(Short web captions)
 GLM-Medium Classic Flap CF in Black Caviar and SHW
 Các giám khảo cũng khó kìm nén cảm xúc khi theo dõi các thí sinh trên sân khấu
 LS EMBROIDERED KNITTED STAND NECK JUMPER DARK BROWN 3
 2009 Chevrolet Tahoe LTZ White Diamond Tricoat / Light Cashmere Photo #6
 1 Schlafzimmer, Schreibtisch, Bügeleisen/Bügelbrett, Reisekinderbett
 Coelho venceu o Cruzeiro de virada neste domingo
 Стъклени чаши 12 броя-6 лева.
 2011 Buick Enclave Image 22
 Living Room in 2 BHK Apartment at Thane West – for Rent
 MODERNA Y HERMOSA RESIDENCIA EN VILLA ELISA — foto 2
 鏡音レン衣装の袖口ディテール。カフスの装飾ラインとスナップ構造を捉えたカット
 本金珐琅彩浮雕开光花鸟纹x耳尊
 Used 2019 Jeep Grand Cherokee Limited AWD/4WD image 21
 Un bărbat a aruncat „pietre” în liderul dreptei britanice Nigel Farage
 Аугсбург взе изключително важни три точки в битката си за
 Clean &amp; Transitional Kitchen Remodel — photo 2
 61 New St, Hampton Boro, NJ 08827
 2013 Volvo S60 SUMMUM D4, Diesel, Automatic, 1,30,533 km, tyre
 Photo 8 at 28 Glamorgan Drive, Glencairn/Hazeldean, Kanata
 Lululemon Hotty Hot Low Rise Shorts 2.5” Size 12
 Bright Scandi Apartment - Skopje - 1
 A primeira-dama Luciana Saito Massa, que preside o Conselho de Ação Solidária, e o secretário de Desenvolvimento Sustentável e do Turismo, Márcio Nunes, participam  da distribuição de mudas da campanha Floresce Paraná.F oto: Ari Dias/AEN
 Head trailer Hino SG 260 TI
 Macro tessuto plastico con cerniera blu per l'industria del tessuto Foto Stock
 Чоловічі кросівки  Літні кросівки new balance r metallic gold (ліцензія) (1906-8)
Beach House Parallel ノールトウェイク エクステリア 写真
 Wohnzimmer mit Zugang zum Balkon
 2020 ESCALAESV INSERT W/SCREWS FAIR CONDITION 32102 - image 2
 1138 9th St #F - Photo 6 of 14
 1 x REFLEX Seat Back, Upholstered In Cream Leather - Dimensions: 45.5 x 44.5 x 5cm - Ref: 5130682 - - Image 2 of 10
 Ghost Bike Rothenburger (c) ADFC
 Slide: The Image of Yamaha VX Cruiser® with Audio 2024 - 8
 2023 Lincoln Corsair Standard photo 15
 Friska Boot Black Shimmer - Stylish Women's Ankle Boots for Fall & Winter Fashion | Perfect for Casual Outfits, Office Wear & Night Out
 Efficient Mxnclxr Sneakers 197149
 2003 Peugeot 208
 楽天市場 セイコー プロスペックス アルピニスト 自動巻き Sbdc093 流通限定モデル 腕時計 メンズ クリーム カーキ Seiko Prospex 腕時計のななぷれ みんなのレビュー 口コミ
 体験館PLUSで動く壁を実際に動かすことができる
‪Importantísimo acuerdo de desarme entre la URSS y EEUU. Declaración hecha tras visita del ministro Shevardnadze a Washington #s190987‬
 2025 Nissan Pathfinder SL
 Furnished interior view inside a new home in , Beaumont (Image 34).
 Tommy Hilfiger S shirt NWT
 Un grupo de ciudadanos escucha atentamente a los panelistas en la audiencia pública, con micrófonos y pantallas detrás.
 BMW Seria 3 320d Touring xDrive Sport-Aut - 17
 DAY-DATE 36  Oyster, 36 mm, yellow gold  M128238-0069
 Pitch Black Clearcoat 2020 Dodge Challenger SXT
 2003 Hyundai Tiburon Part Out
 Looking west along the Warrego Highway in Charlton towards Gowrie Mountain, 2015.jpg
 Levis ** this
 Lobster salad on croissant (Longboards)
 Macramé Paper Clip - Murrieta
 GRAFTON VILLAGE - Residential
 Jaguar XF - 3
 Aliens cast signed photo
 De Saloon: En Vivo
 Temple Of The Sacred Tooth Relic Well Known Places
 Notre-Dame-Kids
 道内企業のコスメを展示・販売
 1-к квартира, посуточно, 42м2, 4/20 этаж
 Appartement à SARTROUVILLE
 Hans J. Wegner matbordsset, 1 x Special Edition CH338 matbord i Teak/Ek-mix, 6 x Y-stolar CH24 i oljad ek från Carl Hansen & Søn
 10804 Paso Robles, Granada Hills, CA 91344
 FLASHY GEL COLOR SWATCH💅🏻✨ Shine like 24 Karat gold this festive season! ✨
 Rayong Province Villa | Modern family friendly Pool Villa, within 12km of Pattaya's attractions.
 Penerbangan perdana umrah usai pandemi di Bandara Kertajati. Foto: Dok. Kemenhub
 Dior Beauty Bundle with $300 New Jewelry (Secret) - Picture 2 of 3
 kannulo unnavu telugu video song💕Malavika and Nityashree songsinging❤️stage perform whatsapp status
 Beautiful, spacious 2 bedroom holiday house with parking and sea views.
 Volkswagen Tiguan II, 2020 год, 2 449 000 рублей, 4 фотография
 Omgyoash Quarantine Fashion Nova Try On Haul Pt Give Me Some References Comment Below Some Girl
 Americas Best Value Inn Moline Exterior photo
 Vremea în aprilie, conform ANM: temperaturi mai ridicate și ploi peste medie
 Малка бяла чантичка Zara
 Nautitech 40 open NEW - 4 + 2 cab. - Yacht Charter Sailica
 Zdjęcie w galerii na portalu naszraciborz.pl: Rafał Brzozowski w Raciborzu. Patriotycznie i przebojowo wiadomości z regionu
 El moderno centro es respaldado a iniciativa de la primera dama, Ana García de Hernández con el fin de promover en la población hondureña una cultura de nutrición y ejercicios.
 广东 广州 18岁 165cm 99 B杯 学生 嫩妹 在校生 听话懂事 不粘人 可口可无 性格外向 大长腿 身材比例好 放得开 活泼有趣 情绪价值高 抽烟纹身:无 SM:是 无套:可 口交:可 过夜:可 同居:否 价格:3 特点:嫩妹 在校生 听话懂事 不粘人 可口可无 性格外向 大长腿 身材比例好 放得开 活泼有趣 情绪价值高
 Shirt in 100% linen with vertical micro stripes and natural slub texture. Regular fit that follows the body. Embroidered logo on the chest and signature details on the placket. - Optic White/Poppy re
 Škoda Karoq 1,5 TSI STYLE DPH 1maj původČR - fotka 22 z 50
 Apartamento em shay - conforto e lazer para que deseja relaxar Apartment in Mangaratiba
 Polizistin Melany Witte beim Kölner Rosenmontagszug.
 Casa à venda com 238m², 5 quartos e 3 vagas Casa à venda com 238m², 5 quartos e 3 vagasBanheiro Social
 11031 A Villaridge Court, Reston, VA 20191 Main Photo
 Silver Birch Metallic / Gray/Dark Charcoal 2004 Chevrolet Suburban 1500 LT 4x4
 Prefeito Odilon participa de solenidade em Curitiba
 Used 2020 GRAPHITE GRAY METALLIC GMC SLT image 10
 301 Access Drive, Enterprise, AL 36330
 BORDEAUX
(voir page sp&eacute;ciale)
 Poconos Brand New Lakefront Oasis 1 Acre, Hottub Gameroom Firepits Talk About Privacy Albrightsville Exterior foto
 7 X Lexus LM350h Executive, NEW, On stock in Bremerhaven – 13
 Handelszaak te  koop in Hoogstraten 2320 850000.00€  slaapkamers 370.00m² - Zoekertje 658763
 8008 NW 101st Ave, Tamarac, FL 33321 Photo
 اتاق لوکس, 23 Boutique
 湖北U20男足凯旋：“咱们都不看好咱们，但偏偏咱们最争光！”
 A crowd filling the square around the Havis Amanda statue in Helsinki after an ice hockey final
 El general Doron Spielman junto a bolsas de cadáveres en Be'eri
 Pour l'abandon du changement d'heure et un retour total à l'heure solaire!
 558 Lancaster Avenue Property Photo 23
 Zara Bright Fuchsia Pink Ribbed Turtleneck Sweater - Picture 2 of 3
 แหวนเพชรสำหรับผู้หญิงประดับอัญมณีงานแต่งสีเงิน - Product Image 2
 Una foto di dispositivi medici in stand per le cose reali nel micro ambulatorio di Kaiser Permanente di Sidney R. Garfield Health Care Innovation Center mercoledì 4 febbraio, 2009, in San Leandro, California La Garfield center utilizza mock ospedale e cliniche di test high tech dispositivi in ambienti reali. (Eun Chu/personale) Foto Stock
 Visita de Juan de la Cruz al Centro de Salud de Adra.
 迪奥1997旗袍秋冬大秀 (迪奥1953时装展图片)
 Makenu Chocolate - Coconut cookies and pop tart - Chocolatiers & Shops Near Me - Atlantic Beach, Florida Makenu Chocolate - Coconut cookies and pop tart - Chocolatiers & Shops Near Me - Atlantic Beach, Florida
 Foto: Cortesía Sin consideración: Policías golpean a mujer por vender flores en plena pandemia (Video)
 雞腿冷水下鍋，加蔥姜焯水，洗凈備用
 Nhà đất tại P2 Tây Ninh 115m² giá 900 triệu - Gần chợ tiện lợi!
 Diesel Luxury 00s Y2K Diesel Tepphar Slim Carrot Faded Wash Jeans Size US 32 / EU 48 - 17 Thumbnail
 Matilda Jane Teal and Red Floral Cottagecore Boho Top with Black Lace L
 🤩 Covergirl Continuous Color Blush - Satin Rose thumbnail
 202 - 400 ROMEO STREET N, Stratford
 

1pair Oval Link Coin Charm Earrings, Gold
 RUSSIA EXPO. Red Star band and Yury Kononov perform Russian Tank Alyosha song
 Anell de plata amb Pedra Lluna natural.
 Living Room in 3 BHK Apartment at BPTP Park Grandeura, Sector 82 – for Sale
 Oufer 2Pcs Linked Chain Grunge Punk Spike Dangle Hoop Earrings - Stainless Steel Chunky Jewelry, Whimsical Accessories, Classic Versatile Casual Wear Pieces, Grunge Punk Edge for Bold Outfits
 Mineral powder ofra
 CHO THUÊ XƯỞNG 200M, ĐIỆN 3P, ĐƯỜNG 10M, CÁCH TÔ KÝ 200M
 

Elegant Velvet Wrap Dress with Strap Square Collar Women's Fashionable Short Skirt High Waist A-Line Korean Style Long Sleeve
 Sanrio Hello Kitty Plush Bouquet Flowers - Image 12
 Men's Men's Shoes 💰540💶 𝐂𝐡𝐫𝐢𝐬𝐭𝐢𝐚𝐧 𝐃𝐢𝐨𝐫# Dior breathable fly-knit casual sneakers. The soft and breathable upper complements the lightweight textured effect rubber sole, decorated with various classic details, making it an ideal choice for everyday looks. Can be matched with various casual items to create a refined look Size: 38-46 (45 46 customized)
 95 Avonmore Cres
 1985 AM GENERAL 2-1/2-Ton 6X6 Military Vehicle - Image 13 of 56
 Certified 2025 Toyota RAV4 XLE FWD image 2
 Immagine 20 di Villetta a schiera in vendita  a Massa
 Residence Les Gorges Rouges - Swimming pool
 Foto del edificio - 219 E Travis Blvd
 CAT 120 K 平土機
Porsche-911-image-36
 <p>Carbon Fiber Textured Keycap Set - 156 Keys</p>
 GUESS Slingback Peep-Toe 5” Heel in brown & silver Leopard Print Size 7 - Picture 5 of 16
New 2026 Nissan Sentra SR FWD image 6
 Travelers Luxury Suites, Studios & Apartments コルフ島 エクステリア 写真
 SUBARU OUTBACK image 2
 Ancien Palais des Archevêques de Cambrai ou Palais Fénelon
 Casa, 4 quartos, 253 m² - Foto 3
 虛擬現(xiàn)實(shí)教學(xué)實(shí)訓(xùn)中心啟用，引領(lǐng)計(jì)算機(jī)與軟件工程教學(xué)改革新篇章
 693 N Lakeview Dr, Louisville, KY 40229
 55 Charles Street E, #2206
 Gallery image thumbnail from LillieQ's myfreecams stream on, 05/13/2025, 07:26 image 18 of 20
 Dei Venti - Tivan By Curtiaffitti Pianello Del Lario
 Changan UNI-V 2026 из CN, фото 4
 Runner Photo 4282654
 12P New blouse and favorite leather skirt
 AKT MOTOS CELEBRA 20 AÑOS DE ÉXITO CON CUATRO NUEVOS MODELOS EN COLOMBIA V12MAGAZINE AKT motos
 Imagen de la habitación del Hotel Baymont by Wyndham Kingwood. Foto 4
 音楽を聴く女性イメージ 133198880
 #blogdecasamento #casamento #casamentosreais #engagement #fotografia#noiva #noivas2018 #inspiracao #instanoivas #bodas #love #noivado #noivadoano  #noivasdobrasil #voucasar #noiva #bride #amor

■ WHAT YOU NEED TO DO
In the data above, repeat exactly each line from the first through the line that contains "MODERNA Y HERMOSA", and give nothing else.

■ WRITTEN RESPONSE
 GLM-Medium Classic Flap CF in Black Caviar and SHW
 Các giám khảo cũng khó kìm nén cảm xúc khi theo dõi các thí sinh trên sân khấu
 LS EMBROIDERED KNITTED STAND NECK JUMPER DARK BROWN 3
 2009 Chevrolet Tahoe LTZ White Diamond Tricoat / Light Cashmere Photo #6
 1 Schlafzimmer, Schreibtisch, Bügeleisen/Bügelbrett, Reisekinderbett
 Coelho venceu o Cruzeiro de virada neste domingo
 Стъклени чаши 12 броя-6 лева.
 2011 Buick Enclave Image 22
 Living Room in 2 BHK Apartment at Thane West – for Rent
 MODERNA Y HERMOSA RESIDENCIA EN VILLA ELISA — foto 2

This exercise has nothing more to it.